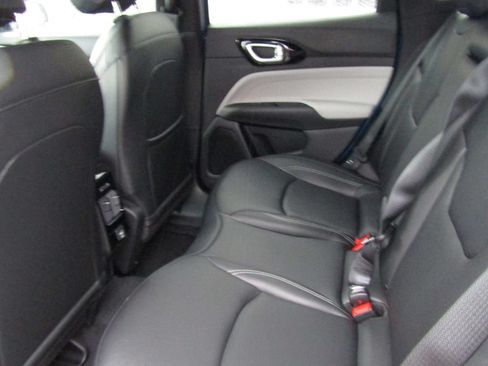 New 2026 Jeep Compass Limited AWD/4WD image 9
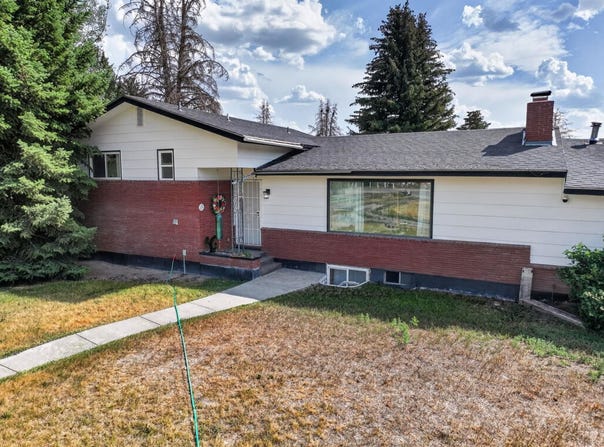 415 Sunset Dr., Arco, ID 83213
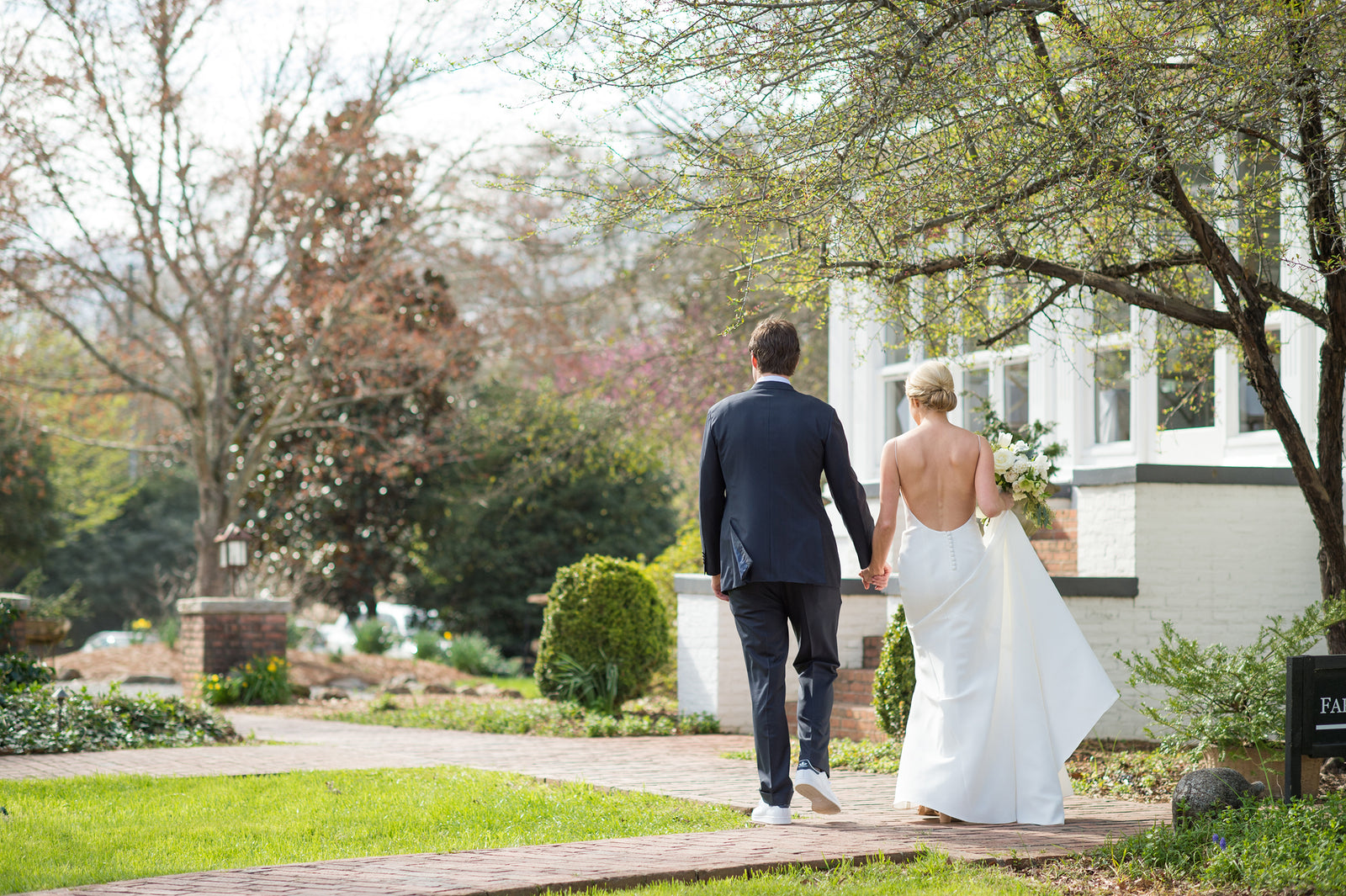 All You Need is Love—and Pizza—at this Wedding in Serenbe, Georgia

## Try it:
Apart from the pictures, every line above must be printed exactly.

## Reply:
 New 2026 Jeep Compass Limited AWD/4WD image 9
 415 Sunset Dr., Arco, ID 83213
 All You Need is Love—and Pizza—at this Wedding in Serenbe, Georgia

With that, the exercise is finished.